Metadata-Version: 2.3
Name: tcrdist_rs
Version: 0.1.3
Classifier: Programming Language :: Rust
Classifier: Programming Language :: Python
Classifier: License :: OSI Approved :: MIT License
Classifier: Operating System :: OS Independent
License-File: LICENSE
Summary: Fast tcrdist routines between TCR sequences.
Keywords: tcrdist
Home-Page: https://github.com/zacmon/tcrdist_rs
Author: Zachary Montague
License: MIT
Requires-Python: >=3.8
Description-Content-Type: text/markdown; charset=UTF-8; variant=GFM
Project-URL: repository, https://github.com/zacmon/tcrdist_rs

# tcrdist_rs
This is a Rust implementation of tcrdist. Previous versions have been written in [python/numba](https://tcrdist3.readthedocs.io/en/latest/index.html) and [C++](https://github.com/phbradley/conga/tree/master/tcrdist_cpp). This package also includes Python bindings to the [triple_accel](https://github.com/Daniel-Liu-c0deb0t/triple_accel) package for fast, SIMD Hamming and Levenshtein distances. Each distance function has the following functions for computing distances among sequences.
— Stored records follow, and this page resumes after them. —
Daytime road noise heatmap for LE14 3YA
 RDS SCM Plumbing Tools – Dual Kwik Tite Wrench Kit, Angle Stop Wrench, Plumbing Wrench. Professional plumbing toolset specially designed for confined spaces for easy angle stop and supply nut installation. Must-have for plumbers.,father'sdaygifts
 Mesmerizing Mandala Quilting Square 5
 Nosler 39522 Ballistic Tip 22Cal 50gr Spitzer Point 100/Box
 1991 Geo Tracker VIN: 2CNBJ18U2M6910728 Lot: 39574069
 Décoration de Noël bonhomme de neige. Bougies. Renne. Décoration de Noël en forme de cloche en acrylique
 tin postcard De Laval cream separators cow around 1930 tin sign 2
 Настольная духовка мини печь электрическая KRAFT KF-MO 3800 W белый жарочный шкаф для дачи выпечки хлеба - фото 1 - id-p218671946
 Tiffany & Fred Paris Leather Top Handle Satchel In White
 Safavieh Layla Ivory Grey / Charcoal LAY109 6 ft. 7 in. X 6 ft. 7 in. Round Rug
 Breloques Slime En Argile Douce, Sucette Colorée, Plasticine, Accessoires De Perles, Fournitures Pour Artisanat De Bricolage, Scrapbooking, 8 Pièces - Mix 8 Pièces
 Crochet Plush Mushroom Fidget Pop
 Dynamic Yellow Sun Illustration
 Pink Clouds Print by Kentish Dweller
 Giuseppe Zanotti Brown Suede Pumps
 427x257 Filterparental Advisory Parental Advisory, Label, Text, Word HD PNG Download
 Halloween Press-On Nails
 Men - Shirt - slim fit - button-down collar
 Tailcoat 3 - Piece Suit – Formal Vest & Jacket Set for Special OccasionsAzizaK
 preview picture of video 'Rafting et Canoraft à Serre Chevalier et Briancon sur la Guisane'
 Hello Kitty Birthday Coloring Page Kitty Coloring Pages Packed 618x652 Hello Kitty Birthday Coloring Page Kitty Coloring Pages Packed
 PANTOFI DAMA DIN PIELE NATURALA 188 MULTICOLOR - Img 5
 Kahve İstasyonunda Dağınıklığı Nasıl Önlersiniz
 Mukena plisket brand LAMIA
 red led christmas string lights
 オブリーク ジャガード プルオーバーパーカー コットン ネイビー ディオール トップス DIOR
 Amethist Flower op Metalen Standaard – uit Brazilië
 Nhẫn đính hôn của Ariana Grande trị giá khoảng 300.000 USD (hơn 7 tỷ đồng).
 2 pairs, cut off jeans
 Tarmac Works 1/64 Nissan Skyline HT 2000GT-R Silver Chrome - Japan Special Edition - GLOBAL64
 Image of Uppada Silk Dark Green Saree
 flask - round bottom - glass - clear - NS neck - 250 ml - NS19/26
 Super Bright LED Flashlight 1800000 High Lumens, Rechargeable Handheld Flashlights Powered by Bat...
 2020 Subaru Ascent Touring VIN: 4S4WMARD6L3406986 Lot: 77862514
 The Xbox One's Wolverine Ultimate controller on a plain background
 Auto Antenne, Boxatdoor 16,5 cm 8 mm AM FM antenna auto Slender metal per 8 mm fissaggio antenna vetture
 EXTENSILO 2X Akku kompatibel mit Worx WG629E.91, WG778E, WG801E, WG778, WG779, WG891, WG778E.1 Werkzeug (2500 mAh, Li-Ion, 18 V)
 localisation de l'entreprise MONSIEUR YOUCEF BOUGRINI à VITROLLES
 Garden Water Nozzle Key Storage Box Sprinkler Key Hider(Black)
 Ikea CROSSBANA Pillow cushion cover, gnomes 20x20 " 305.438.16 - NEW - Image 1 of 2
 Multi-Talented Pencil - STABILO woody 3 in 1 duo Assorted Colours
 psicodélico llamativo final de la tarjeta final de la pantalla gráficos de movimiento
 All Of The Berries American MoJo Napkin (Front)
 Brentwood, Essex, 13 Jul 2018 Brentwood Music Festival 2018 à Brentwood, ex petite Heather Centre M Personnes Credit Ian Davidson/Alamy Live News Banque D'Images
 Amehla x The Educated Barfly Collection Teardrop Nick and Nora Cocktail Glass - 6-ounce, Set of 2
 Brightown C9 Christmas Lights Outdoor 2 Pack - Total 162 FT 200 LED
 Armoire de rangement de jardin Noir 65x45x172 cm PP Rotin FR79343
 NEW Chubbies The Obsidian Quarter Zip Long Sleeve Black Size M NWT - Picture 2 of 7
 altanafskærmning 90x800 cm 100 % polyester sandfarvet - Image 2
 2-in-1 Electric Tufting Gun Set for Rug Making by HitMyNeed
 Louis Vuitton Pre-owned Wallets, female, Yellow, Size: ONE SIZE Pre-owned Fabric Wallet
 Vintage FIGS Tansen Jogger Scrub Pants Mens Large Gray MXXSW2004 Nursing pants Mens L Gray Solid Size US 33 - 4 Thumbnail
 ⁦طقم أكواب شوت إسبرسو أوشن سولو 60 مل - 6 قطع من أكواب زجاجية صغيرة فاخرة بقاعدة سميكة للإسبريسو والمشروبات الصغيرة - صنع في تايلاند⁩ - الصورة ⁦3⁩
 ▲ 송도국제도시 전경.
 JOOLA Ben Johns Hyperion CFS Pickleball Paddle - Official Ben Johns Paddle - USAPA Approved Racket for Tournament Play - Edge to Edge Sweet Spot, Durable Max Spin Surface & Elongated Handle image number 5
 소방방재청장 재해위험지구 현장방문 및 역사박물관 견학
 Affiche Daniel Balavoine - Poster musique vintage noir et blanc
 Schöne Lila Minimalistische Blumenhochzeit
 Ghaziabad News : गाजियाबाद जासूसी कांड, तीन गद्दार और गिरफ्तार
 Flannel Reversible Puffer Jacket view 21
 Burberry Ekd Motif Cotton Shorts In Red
We take `tcrdist` as an example:

- `tcrdist(seq1, seq2, ...)`
- `tcrdist_matrix(seqs, ...)` (computes the upper right triangle of the distance matrix among sequences)
- `tcrdist_one_to_many(seq, seqs, ...)`
- `tcrdist_many_to_many(seqs1, seqs2, ...)`

where `...` implies other parameters, see the docstrings (e.g., `help(tcrdist)`).

The other distances currently supported:

- `hamming`
- `levenshtein`
- `levenshtein_exp` (possibly faster Levenshtein distance which uses an exponential search)
- `tcrdist_allele` (tcrdist computed using amino acid CDR3-V allele pairs)
- `tcrdist_gene` (tcrdist computed using amino acid CDR3-V gene pairs)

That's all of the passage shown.